Week Nine - Tomato Sauce

Earlier I had big talk about tomato sauce, so this is me following through...


Oregon Early, Amish Sauce,and Yellow Taxi
I spend the evenings looking at various tomato sauces and pastes. There's some similarities, as I'm sure you can imagine.  First is the method by which you deal with the acidity. Tomatoes are hella acid. When I was picking tomato varieties for the garden, I tried to work the balance.  Taxi Yellows are very sweet, the Amish Pastes aren't very seedy or watery and reduce well, Oregon Earlies are sweetish, and very meaty.There's still going to be some playing with the chemistry, but when your making your sauce, think about tomato meat, seed-to-meat ration, and water... then taste, how do they taste? There's a really terrific article by Daniel Gritzer that describes his quest for the perfect sauce.  This year, or this batch anyway, I'm just going for the simple sauce... trying to get the taste and consistency right. 

So here's the recipe I worked with...

Tomato Sauce

1/3 cup olive oil
1 large onion (I used a purple one, because I had it. I think any would do well) 
3 large shallots
5 cloves of garlic
1 carrot
5 lbs of tomatoes
Salt & pepper
1/3 cup fresh basil
4 bay leaves
2 tbsp thyme
2 tbsp oregano
1 tbsp honey

Prepping the tomatoes.  This is a bit fiddly, but doable.  You're going to blanch them to convince them to take their jackets off for you. In a large sauce pan, heat salted water to a boil.  Prep another big bowl with ice water.  I put this one in the sink.  You're going to work your way through your tomatoes, 

1. Cutting a smallish x at the base of the tomato,
2. Removing the stem,
3. Plopping it in the boiling water for a few minutes. When you see the skin start peeling back, 
4. Scooping out the tomato and dropping it in the ice water bath. 
5. The ice water cools the tomato and encourages the jacket to peel back a little more.
6. Finally you'll fish the tomato out and remove the jacket. My friend Carolee saved these and dries 'em to use in soups.
7. Put the peeled tomato in the sauce pot. 
8. Repeat until your pile of tomatoes has moved from the countertop to the cooking pot.
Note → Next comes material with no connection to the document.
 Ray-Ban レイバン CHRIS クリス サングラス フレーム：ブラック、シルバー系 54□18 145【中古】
So, yes, you can skip this step.  And you might want to, but you will be fishing out tomato skins as your sauce cooks down.  If you have a food mill this will be easy!

Start your tomatoes on a simmer.

Oil in a heavy pan or pot. Let it heat up while you remove the onions and garlic from their tunics.  I don't know if the garlic has a tunic officially, but since they're in the onion gang in my veggie basket, I'm saying yes. Chop the onions and garlic finely and put in heated pan. Stir around a bit and then reduce heat and cover. We want these to sweat a bit. 
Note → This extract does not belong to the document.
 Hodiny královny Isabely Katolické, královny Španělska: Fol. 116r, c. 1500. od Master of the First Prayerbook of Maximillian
Chop your carrot and toss in tomato mixture

Chop basil, add this and other spices to the tomatoes mixture. Then add onions and garlic. 

Let simmer til cooked to the consistency you want. the internet says 20 minutes...

Add noodles and yum!

Kat

 

While you're letting the sauce simmer down, listen to Malcom Gladwell talk about spaghetti sauce. 

The next batch of tomatoes will become ketchup!